O, waly waly upon the bank
And waly, waly down the brae,
And waly waly yon Burn-side
Where I and my love wont to gae.
I leaned my back unto an Aik
I thought it was a trusty tree
But first it bow’d and syne it brak
Sae my true Love did lightly me.
O waly, waly, but love be bony
A little Time while it is new,
But when ‘tis auld it waxeth cauld
And fades away like Morning Dew.
O wherefore should I busk my Head,
Or wherefore should I kame my Hair?
For my true Love has me forsook,
And says he’ll never love me mair.
これらに共通する歌詞とはいわゆる浮動節(floating verse)で、日本民謡における「めでためでたの若松さまよ」のようなものである。バラッドを例にとると the rose-briar stanza が有名でいくつもの異なった歌に挿入されている(“Earl Brand” (Child #7 B, C, I), “Fair Janet” (#64), “Lord Thomas and Fair Anne”” (#73), “Fair Margaret and Sweet William” (#74), “Lord Lovel” (#75), “Lady Alice” (#85), “Prince Robert” (#87); ただし、チャイルドのバラッド集の “Barbara Allan” (#84) には付いていないが他の多くのヴァージョンにはある;詳しくは Natascha Würzbach and Simone M. Salz, Motif Index of the Child Corpus: The English and Scottish Popular Ballad, Walter de Gruyter, 1995 参照)。それゆえ、浮動節は関連を示すものではあるが「同じ」歌とみなす証拠ではない。 本来の “O Waly, Waly” とチャイルド204番の “Jamie Douglas”15 とが関連することはほぼ確かであろう。しかし、後者は(1)で引用した解説の「17世紀スコットランドのバーバラ・アースキン夫人の物語」ともされるが、“O Waly, Waly”(抒情民謡)が “Jamie Douglas”(バラッド)に「基づいています」と言うのは賛成しかねる。“Jamie Douglas” の一部が独立して “O Waly, Waly” になったとも考えられるが、どちらが先かもはっきりしない(初出の記録に従う限り、以下の1776年のハード版 “Jamie Douglas” よりは上の1725/26年のラムジー版 “O Waly, Waly” のほうが古い)。さらに、“O Waly, Waly” の成立年代に関して、ジョーセフ・リトソンは『スコットランド歌謡集』第1巻 (Joseph Ritson, Scotish Song, vol. 1 (London: J. Johnson and J. Egerton, 1714), pp. xlix-l)16 において “Waly, waly up the bank” が “is … cited in a strange but curious, and apparently antique musical medley published in 1666” と、またジョン・ギルクリストも『古今スコットランド・バラッド・物語・歌謡集』第2巻(John Gilchrist, A Collection of Ancient and Modern Scottish Ballads, Tales, and Songs, vol. 2 (London: William Blackwood, 1815), p. 297)17 で “A song with this title [i.e. Waly, Waly Up the Bank] is quoted in a Musical Medley, published in 1666.” と述べている(これらは題名だけの引用のようである)。ウィリアム・ウォーカーも『ピーター・バハン、およびスコットランドとイングランドのバラッド・歌謡論集』(William Walker, Peter Buchan, And Other Papers on Scottish and English Ballads and Songs (Aberdeen (Scotland): Wyllie, 1915), pp. 233-37)18 でかなり詳しく論じてリトソンが挙げた年代(1666)にも言及した。
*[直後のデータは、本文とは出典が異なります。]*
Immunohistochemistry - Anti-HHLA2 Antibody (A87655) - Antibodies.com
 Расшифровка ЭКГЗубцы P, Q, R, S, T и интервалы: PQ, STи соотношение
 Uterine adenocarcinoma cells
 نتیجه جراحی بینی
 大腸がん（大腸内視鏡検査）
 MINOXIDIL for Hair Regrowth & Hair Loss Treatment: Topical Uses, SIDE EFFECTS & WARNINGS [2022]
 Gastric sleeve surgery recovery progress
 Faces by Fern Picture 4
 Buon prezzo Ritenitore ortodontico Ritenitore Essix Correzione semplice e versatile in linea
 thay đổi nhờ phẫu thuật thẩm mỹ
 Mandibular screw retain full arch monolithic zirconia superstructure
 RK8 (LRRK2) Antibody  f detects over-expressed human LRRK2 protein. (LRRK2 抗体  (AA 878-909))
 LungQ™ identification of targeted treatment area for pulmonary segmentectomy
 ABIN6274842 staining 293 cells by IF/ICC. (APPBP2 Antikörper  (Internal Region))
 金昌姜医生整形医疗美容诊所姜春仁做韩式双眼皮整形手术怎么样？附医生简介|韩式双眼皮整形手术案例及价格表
歌詞に共通箇所があるので “Jamie Douglas” のいくつかのヴァージョンも “O Waly, Waly” と呼ばれることがあるので、ますます紛らわしい。曲が共通していることは明らかで、ウィリアム・マザーウェル(William Motherwell, Minstrelsy, Ancient and Modern, 1827)19 は “Jamie Douglas” に付けた注(p. xvii)において “Is frequently sung to the same tune as Waly, waly, up the bank.” と、ディヴィッド・ハード(David Herd, Ancient and Modern Scottish Songs, 2nd ed., vol. 1, Edinburgh: Printed by John Wotherspoon, for James Dickson and Charles Elliot, 1776, p. 144)20 も “Earl Douglas. Then quham nevir knicht” は “Tune, Wally wally up the bank” と言う(主な楽譜は Bertrand Harris Bronson, The Traditional Tunes of the Child Ballads, vol. 3, Princeton, NJ: Princeton University Press, 1966, pp. 258-61 を参照)。編集されたバラッド集であるクゥィラ・クーチ編『オックスフォード版バラッド集』(Arthur Quiller-Couch, ed., The Oxford Book of Ballads, 1910)の “87: Jamie Douglas”21 に楽譜はないが、さらに進んで17番以降を Lament of Barbara, Marchioness of Douglas として “O Waly, Waly” を付け加えて一つの長いバラッドに仕上げた(このバラッド集にはこのように再編集したものが多いので、系譜調査の資料としては扱いに注意を要する)。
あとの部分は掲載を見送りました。